I don't get to cook much at my own place, so when I do get a chance to make a meal I try really hard to do something that's going to be great, though for sure there have been some mixed results lately. At the official last cook-out of the year, I took a stab at grilled chicken thighs. It turned into one of those times when cooking with unfamiliar equipment can yield less than perfect results--the coals were ferociously hot and I burned off all the awesome sauce I'd made. The thighs were still pretty tasty (generally pretty hard to go wildly wrong with meat cooked over charcoal), and the rapidity with which they disappeared into the crowd's slavering maw leaves me thinking that people were eating them with something more than just dutiful civility.
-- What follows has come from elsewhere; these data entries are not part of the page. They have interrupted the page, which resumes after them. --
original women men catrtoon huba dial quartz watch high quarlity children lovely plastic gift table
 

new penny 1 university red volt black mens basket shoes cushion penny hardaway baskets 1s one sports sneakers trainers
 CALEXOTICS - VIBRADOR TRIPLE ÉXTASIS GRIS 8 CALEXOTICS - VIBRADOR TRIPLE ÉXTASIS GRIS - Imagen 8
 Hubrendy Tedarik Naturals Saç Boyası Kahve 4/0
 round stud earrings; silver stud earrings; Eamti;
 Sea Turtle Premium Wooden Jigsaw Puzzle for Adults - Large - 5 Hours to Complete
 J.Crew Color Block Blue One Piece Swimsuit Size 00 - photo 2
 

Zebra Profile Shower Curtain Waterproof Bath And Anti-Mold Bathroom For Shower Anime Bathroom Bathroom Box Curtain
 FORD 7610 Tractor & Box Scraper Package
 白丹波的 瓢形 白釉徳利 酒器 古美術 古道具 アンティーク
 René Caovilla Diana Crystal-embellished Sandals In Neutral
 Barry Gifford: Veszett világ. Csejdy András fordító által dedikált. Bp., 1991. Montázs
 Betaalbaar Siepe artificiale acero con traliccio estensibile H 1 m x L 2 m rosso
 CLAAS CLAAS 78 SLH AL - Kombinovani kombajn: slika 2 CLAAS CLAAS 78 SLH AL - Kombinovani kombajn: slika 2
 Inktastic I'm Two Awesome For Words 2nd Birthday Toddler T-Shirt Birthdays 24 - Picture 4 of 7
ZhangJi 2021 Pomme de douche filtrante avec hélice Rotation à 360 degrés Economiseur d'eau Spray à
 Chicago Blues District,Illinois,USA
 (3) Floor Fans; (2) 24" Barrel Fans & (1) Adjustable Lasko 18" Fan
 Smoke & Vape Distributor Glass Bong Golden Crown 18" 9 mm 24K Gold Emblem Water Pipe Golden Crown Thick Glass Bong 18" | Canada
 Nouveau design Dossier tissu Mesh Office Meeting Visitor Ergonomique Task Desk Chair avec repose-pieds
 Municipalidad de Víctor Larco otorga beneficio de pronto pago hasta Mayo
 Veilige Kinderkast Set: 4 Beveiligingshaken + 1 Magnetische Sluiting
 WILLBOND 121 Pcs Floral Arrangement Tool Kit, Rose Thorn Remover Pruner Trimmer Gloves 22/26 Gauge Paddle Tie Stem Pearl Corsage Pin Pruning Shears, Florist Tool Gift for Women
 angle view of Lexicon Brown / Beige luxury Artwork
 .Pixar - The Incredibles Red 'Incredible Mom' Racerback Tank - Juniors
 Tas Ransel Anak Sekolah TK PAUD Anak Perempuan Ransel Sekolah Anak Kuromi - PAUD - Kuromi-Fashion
And now it's turkey time. People obsess over Thanksgiving! I've cooked the whole meal for a sizable crowd more than once and it's left me thinking that it's not THAT hard. Certainly it takes a fair bit of game-planning and a kitchen of a certain size, but I think it's the pressure of having to cook such a traditionally fraught meal for in-laws and guests and who-all is what stresses everyone out. So...don't stress! Plan. Have a strategy and a drink, make a nephew peel the requisite pounds and pounds and pounds of potatoes, and everything'll be fine.